Shared decision making about getting a PSA test and digital rectal examination for the early detection of prostate cancer is exactly what the American Cancer Society recommends. You need to talk about prostate cancer screening with your doctor or other health care professional. You need to know the risks, benefits and harms that can occur as a result of screening for prostate cancer before you embark on getting these tests as part of your routine medical care.
What is the impact of these reports?
Unfortunately, now armed with the knowledge I have been waiting for, I am completely underwhelmed.
Our recommendation regarding prostate cancer screening is no different now than what the Society has been saying for years. Men need to talk with their health care professionals about the test.
The only difference now is that the long awaited studies have been reported. And our message hasn’t changed.

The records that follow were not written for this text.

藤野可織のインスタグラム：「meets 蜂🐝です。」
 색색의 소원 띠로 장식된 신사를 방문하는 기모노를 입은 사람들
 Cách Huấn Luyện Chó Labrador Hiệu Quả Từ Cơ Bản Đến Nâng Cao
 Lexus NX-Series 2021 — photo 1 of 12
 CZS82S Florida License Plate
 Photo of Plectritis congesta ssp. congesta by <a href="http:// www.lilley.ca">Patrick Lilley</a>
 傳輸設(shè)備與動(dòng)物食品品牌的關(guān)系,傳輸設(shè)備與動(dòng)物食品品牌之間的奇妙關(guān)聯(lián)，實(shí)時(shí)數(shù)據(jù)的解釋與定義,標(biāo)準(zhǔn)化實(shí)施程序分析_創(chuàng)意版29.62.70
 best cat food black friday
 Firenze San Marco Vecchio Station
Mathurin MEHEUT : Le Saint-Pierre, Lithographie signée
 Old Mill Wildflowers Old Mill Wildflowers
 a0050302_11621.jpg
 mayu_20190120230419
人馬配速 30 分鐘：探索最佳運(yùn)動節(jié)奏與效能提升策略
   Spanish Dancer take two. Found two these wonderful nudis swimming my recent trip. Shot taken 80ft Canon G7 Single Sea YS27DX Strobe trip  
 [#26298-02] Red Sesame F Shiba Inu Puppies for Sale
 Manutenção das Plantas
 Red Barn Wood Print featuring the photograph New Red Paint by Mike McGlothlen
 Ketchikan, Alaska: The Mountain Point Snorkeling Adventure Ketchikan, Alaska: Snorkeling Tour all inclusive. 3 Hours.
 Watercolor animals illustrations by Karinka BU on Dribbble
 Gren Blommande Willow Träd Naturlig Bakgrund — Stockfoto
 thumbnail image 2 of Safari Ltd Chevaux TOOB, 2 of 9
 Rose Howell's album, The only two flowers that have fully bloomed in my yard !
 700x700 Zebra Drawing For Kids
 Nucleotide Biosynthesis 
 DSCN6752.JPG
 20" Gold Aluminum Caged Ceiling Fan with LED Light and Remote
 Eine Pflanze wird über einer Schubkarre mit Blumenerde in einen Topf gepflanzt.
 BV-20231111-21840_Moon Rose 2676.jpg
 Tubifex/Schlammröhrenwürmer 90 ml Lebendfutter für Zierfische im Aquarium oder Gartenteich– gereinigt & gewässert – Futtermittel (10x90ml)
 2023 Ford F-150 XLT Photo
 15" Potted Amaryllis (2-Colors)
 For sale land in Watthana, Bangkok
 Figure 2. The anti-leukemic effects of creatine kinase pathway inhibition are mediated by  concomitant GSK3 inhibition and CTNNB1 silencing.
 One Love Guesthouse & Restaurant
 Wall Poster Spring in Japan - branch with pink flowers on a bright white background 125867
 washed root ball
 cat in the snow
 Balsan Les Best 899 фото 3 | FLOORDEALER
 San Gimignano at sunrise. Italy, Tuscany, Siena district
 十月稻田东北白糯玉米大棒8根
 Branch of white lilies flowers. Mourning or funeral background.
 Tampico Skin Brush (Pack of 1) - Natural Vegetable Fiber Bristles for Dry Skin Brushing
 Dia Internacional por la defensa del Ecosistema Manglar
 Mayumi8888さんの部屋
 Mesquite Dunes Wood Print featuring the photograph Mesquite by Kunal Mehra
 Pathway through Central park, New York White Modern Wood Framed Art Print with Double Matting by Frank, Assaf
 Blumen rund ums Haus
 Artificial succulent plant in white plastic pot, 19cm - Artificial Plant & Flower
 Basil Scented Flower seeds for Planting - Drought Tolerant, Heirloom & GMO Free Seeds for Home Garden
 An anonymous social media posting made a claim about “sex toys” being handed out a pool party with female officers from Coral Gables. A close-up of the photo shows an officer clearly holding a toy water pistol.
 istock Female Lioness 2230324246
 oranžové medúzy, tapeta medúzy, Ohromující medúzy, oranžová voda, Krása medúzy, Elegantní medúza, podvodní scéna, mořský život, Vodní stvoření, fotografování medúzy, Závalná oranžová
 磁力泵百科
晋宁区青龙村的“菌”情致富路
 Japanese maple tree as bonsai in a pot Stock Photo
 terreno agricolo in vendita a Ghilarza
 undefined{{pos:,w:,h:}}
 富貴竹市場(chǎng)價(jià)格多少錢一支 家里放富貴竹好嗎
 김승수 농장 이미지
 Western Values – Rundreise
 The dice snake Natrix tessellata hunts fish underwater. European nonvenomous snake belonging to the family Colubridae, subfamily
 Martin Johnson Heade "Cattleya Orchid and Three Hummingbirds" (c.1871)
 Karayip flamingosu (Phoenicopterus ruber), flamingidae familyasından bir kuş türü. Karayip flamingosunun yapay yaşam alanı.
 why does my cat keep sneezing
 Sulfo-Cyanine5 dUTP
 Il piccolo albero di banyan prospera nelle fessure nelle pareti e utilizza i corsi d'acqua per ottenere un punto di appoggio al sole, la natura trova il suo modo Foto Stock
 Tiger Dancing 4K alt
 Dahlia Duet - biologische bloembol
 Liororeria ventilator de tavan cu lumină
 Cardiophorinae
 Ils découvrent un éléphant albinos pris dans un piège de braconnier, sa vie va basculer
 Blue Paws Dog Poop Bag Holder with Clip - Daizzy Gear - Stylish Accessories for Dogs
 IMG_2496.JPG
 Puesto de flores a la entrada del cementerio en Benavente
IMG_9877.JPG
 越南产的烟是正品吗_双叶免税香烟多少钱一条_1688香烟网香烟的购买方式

Maybe more men will give some thought as to whether or not they really want or need a PSA test and rectal examination. I don’t think that is a bad thing.
I suspect the “gung-ho go forward at any cost” attitude of those in the medical and advocacy communities who have promoted prostate cancer screening with a vengeance—absent evidence that it really saved lives—is going to calm down just a bit.
At first blush, my reaction was that these studies don’t really give us the answer we were waiting for. But on further reflection, maybe they did—sort of like not making a decision is in fact a decision. Perhaps not getting a clear answer to the question as to the value of prostate cancer screening is in fact a clear answer.
At the end of the day, each of us will have to be our own judge on the merits of the case and what we want to do for ourselves when it comes to the early detection of prostate cancer.